Elizabeth Turtle from the Johns Hopkins University Applied Physics Laboratory (APL) is lead author on the new Science paper reporting that Cassini seems to have caught a storm in action last year: “We report the detection by Cassini’s Imaging Science Subsystem of a large low-latitude cloud system early in Titan’s northern spring and extensive surface changes,” write Turtle and her co-authors in the new paper, which appears today. “The changes are most consistent with widespread methane rainfall reaching the surface, which suggests that the dry channels observed at Titan’s low latitudes are carved by seasonal precipitation.”
While Saturn’s largest moon has methane lakes at high latitudes, its equatorial regions are mostly arid, with vast expanses of dunes. Researchers first observed dry, riverbed-like channels in these regions in Huygens probe images, but generally believed them to be remnants of a past wetter climate.

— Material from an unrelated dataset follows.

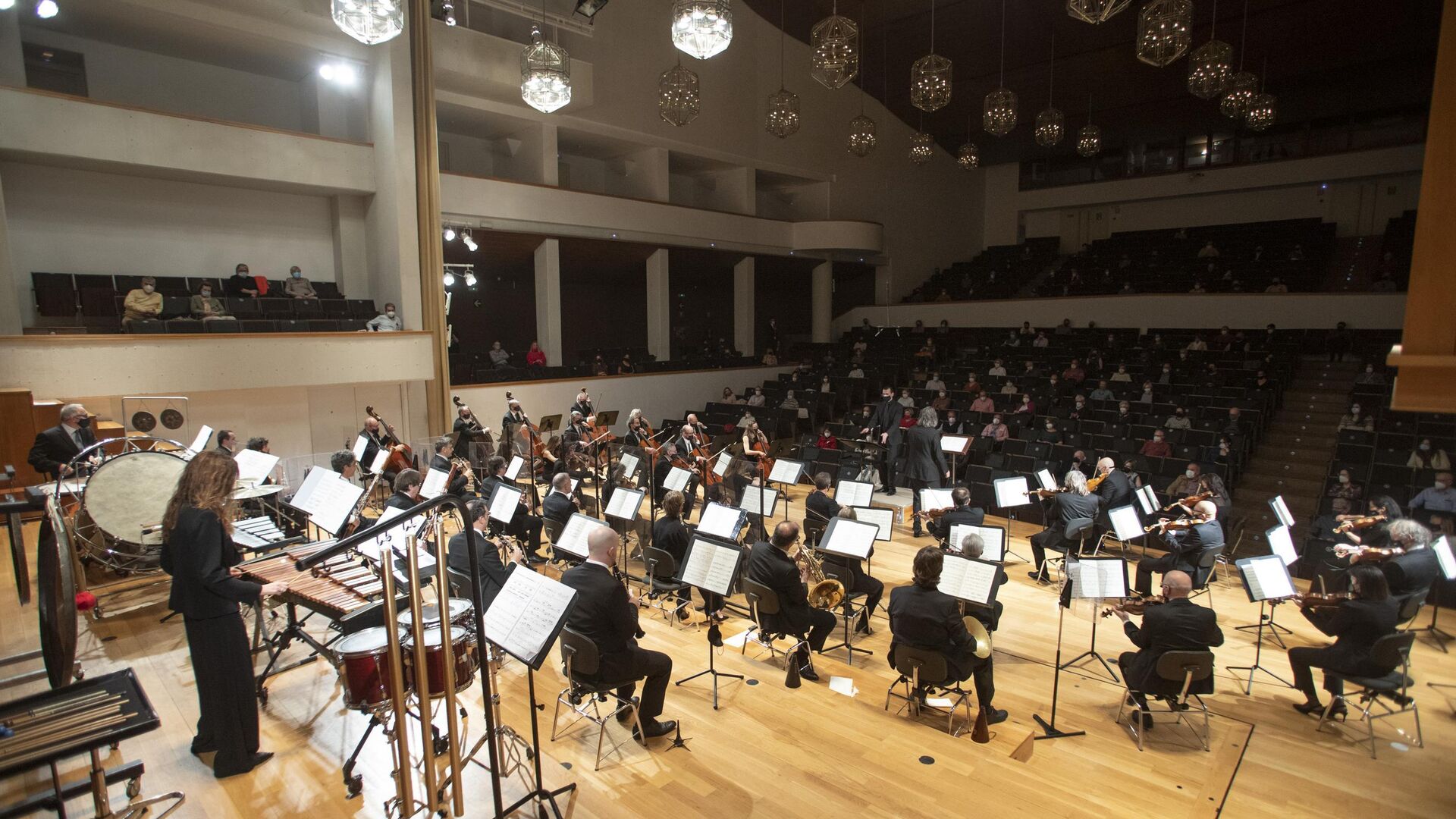 Fotos: concierto de la Orquesta Ciudad de Granada sobre poemas de Rafael Guill&eacute;n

Turtle and her colleagues observed sudden decreases in the brightness of the surface near Titan’s equator after a cloud outburst. The authors consider several possible explanations for these changes, including wind storms and volcanism, but they conclude that rainfall from a large methane storm over the region is most likely responsible for the darkening they observed. The surface changes they noted after the storm spanned more than 500,000 square kilometers, about the size of California.
In a related Perspectives piece, Tetsuya Tokan from the Universität zu Köln in Köln, Germany wrote that Titan’s precipitation climatology “is clearly different from that of Earth, and exotic climate zones unknown in Köppen’s classification may exist.” He was referring to a widely-used climate classification system coined by Wladimir Köppen in 1884.
Tokan writes that while Earth’s global circulation patterns concentrate precipitation in rainy belts along the equatorial regions, Titan’s “convergence zone” appears migrate north and south over time, distributing precipitation more equitably across the moon.
Source: “Rapid and Extensive Surface Changes Near Titan’s Equator: Evidence of April Showers,” by Elizabeth Turtle et al. and the related Perspectives piece, “Precipitation Climatology on Titan,” by Tetsuya Tokan. Both articles appear today in the journal Science.